* Task brief:
Copy out the data below as written; omit any images.

* Dataset content:
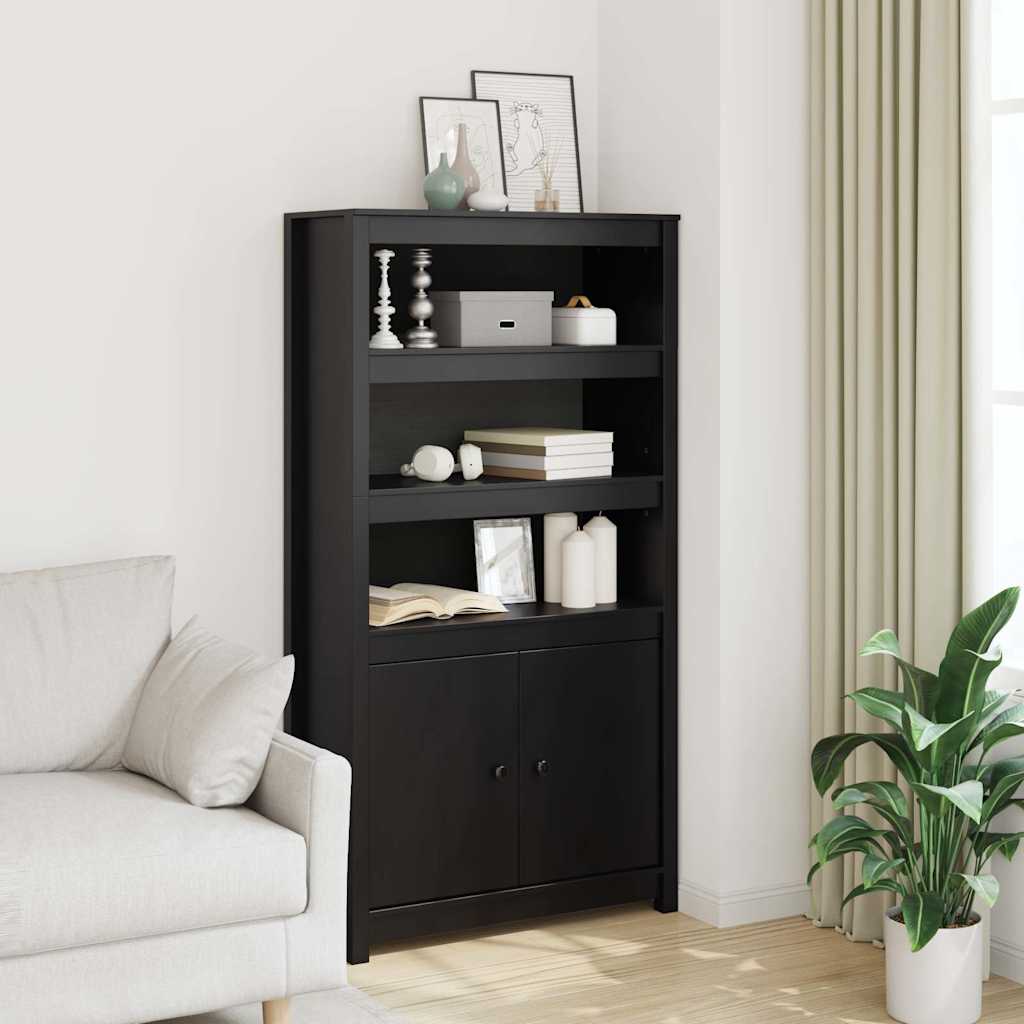 Highboard Schwarz 80x35x154 cm Massivholz Kiefer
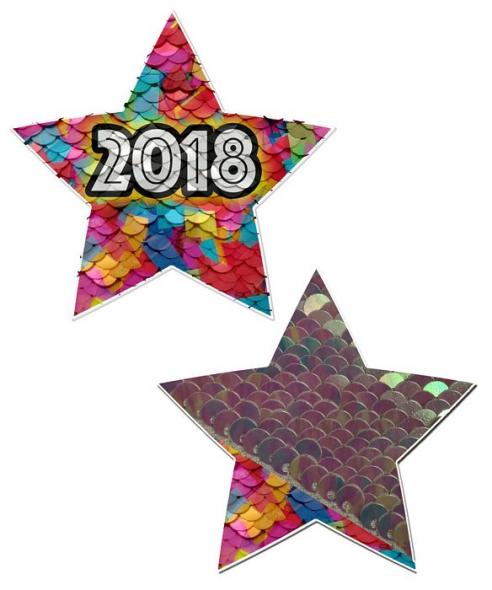 (D) PASTEASE HAPPY NEW YEARS 2 COLOR CHANGING SEQUIN STAR - Click Image to Close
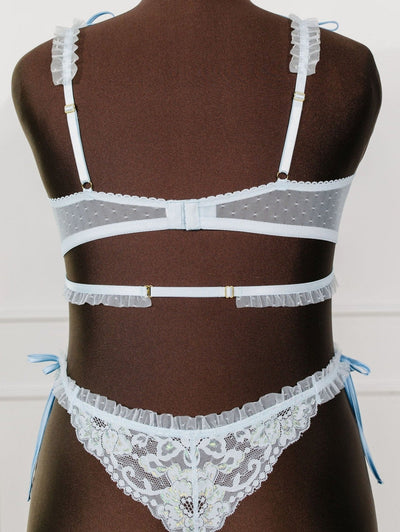 Bridal Bundle: Lacy Ruffle Strap Bralette Set - Iridescent Daydream - Mentionables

* Output for this task:
 Highboard Schwarz 80x35x154 cm Massivholz Kiefer
 (D) PASTEASE HAPPY NEW YEARS 2 COLOR CHANGING SEQUIN STAR - Click Image to Close
 Bridal Bundle: Lacy Ruffle Strap Bralette Set - Iridescent Daydream - Mentionables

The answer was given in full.